Holding: The Court affirmed that Texas’s workmen’s compensation system is constitutional and that employees who stay with employers who have accepted the law and been given notice generally cannot sue for ordinary negligence.

Real World Impact:
  • Prevents injured employees of subscribing employers from suing for ordinary negligence.
  • Requires subscribing employers to secure fixed compensation through insurance and an employers’ association.
  • Leaves some worker groups excluded and still able to pursue damage suits.
Topics: workmen’s compensation, employer liability, workplace injury, state labor law

Summary

Background

A Texas power company employee was badly hurt in December 1913 when a steam pipe burst.
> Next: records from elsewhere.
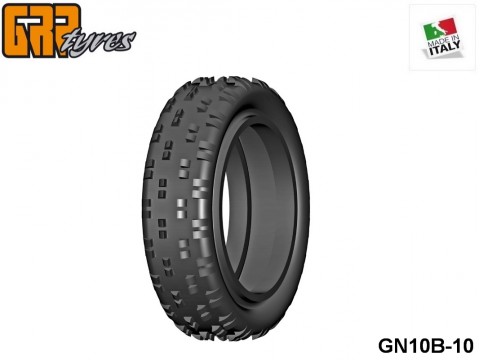 GRP-Tyres GN10B 1:10 BU - 2WD Front - BULDOG - B-Medium - Donut No Insert (1-Pair) 10-pack UPC: 802032725610 EAN: 8020327256104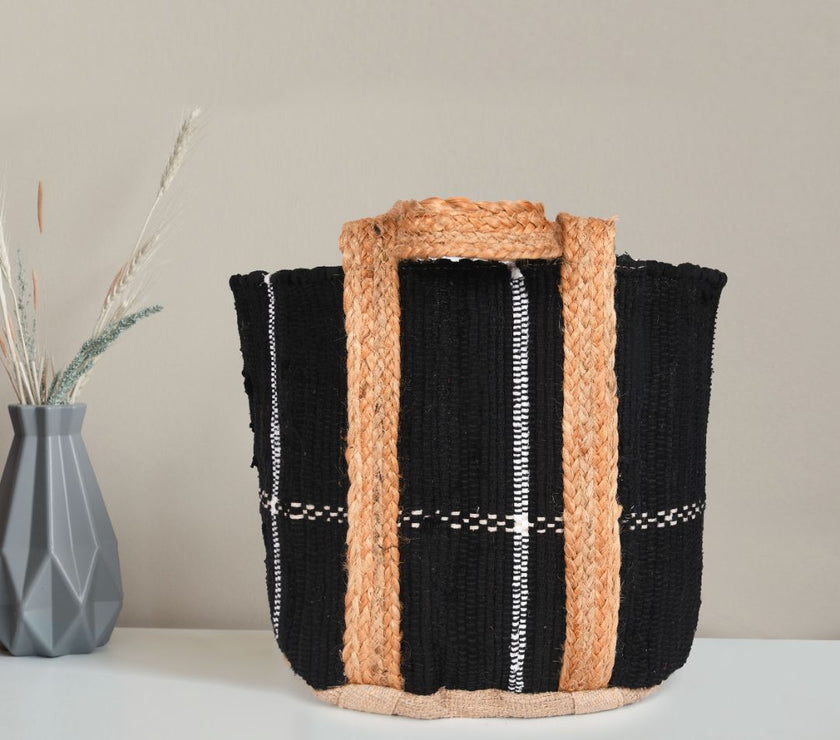 Midnight Waves Jute Tote Bag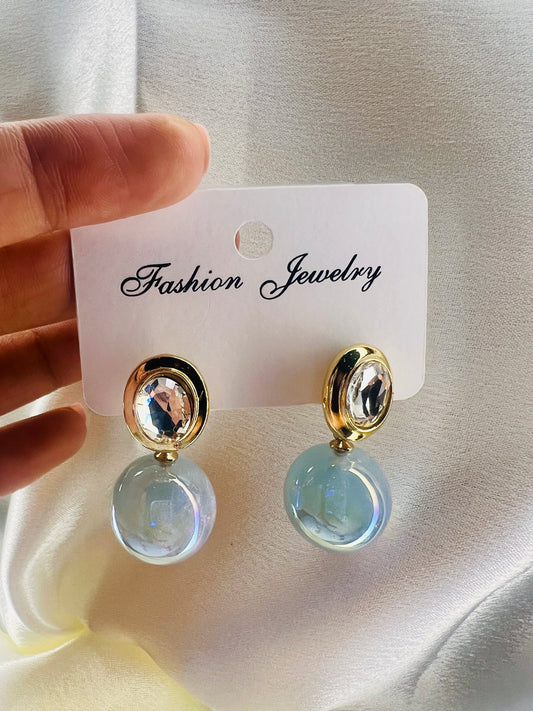 Pearl Blue Drop Earrings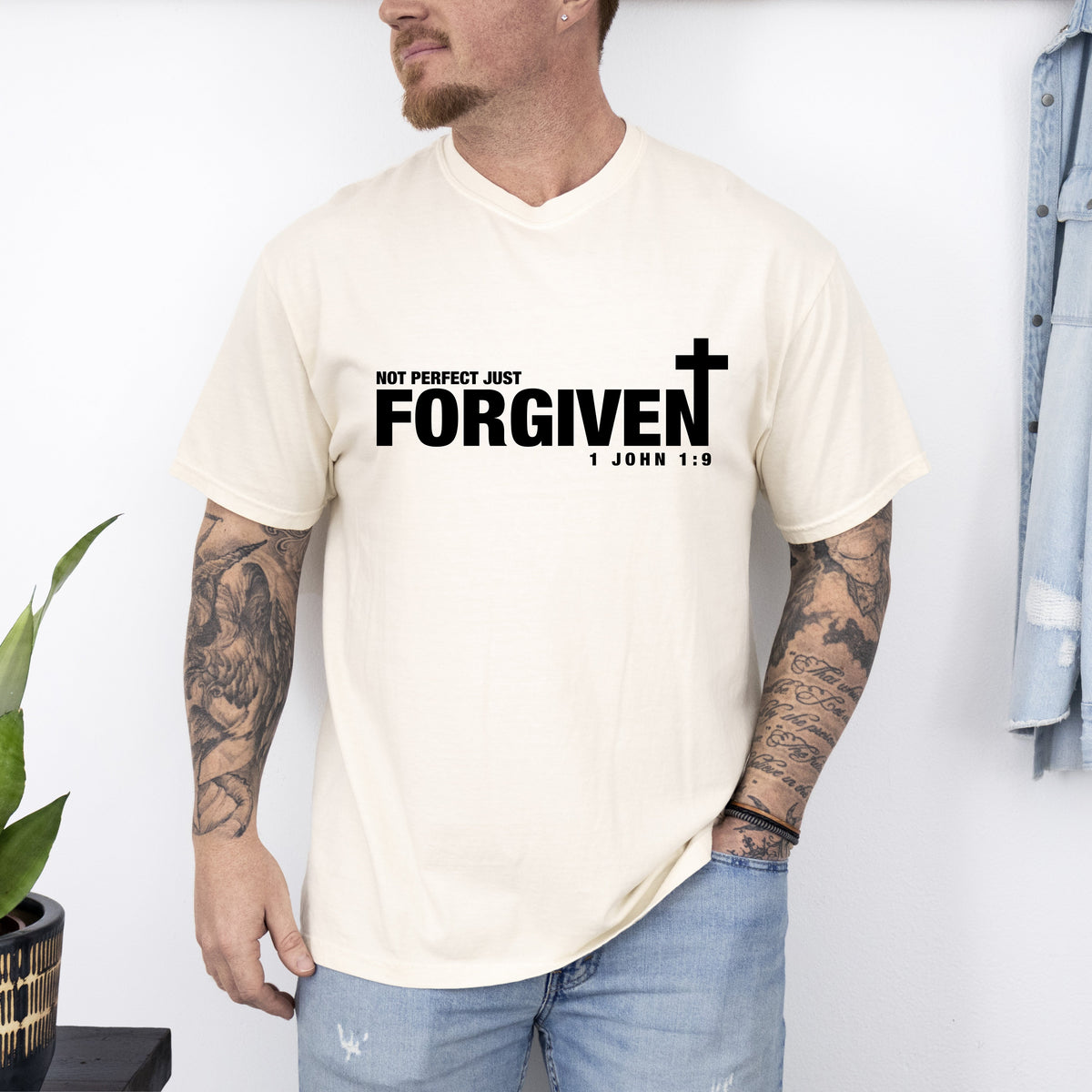 Not Perfect, Just Forgiven John Jesus Gospel Faith Bible Verse Inspired Comfort Colors Tee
The employer had taken out a liability and compensation policy under a new Texas law approved April 16, 1913, effective September 1, 1913, and had given its workers notice. The injured worker sued for damages, but the employer claimed the new workmen’s compensation system prevented such a suit and asked the court to dismiss the case. The state courts upheld the law, and the case reached this Court to decide constitutional challenges.

Reasoning

The Court considered whether the statute violated the Fourteenth Amendment by denying equal protection or depriving employees of liberty or property without due process. The Court explained that the law reasonably drew lines among types of work (for example, excluding railroad employees covered by federal law, farm and domestic workers, cotton gin laborers, and very small employers). It also accepted that the employer-only option to join the compensation association becomes binding on workers who remain after receiving notice. The Court found these distinctions reasonable and held that changing the rules of employer responsibility is within the legislature’s power when the statutory compensation is a fair substitute for the old remedies.

Real world impact

The ruling means that workers employed by an employer who accepts the state plan and gives notice will generally receive fixed statutory payments instead of suing for negligence, except in cases like willful or gross employer misconduct. Employers who opt in must secure payments through insurance and an employers’ association. Some groups of workers remain outside the law and can still sue under the old rules.